Звездочёт из Нустерна и таинственный перстень - Гир Александр 2 стр.


– Зачем? Зачем, скажи на милость, тебе надо раскрывать эти тайны, да еще таким варварским образом? Разве в повседневной жизни человека мало того, чего не должно открывать? И разве от этого мы становимся дикарями? Я вижу, что именно наоборот. Дикость начинается там, где кончаются тайны, где их перестают уважать.

– Да причем здесь это? Я же говорю о великих тайнах природы! Нет, ты решительный враг науки и хочешь всю жизнь просидеть во тьме!
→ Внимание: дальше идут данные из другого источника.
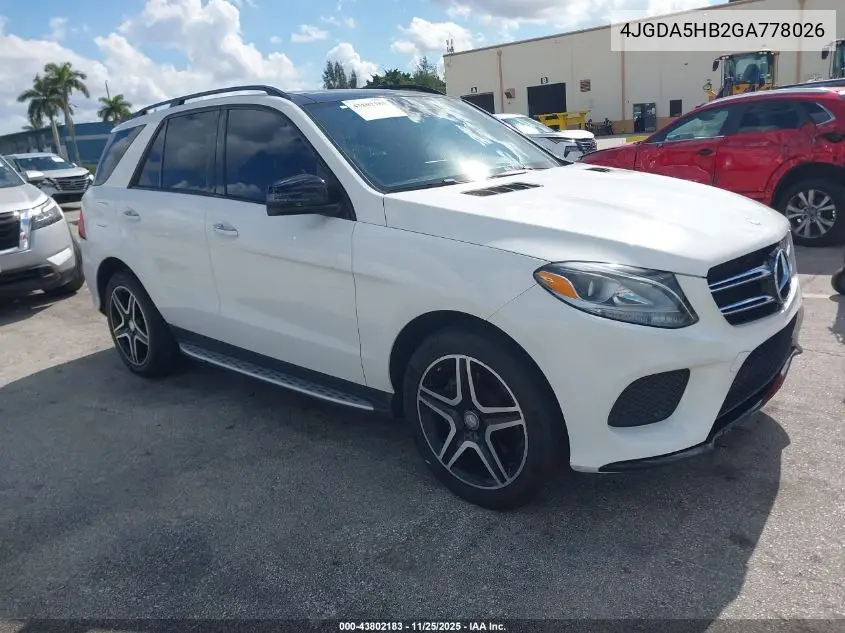 4JGDA5HB2GA778026 2016 Mercedes-Benz Gle 350 4Matic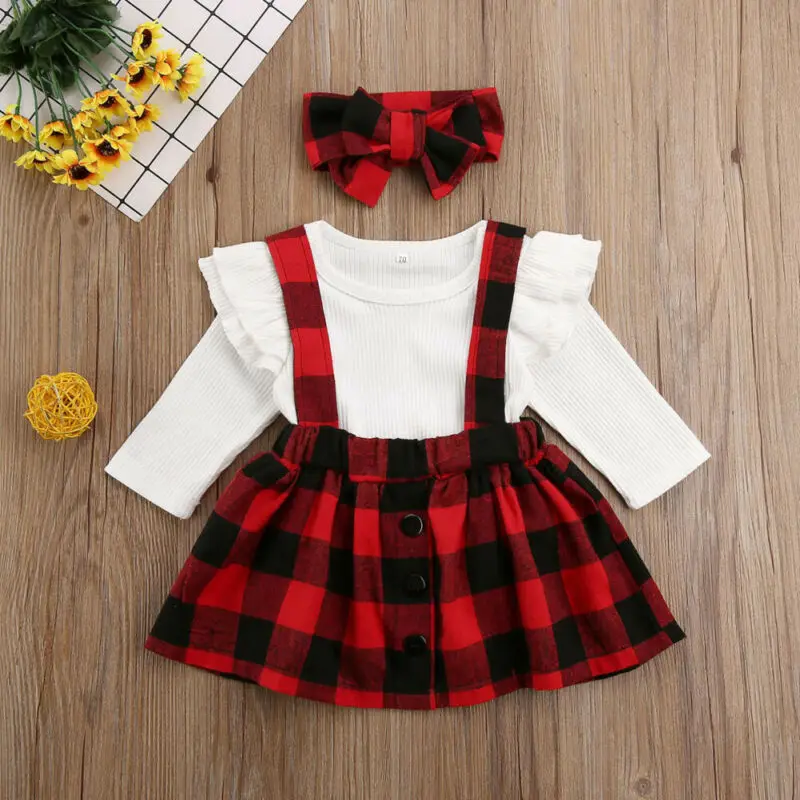 0 18 Months Baby Girl Clothes Sets 3pcs Knitted Tops Romper Plaids Print Bib Dress Headband Girls Suspender Skirt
– Отнюдь! – твердо возразил архивариус.

Оба спорщика вошли в раж. Возбужденные и красные, они уже готовы были выскочить из-за стола и начать размахивать руками. Себастьян слушал этот разговор в недоумении. О трактирщике и говорить нечего – тот смотрел на спорщиков во все глаза.

– Вот я-то как раз друг науки, – продолжал архивариус, стараясь испепелить противника взглядом. – Я враг всякой горделивой и напыщенной учености. Как, скажи на милость, можно открывать тайны живой природы, умерщвляя при этом живое существо? Кто дал тебе право так изучать природу?!

– Ну знаешь! Человек – венец природы, и кому, как не ему, владеть ее тайнами?

– О, если бы ты, мой дорогой профессор, и тебе подобные действительно так считали! Но вы не понимаете, что говорите. Венец существует для того, чтобы венчать славное чело. Это оно обладает славой. Венец же служит лишь для ее выявления, сам по себе венец – вещь бесполезная, его ни на что не употребишь. Неужели, Артур, ты так низко ценишь человека? Вправду ли ты и тебе подобные полагаете, что голова монарха менее ценна, нежели ее золотое украшение? Безумцы! Вы воспринимаете природу как пьедестал для собственной кичливой славы. Но человек, хвала Небесам, – не венец природы. Он – сердце природы. Венец, например, может лежать в ларце, ожидая достойного человека. А как ты положишь в ларец сердце? Сердцем живет всякое живое существо, человеком живет природа. Сердце не командует, не распоряжается. Его важность в том, что оно неустанно трудится для того, чтобы жило все остальное. И все то, ради чего трудится сердце, оно познает не препарируя, а тем, что имеет с ним общую кровь. Любое другое место человека в природе унижает его и, если хочешь, унижает природу.

Начав эту краткую речь возбужденно, архивариус закончил ее спокойным, ровным тоном. Себастьян Нулиус, напротив, пришел в такое волнение, что поднялся из-за стола и смотрел на Бальтазара, странно улыбаясь. Локк почесывал в затылке, а профессор Инсекториус был похож на нахохлившегося воробья.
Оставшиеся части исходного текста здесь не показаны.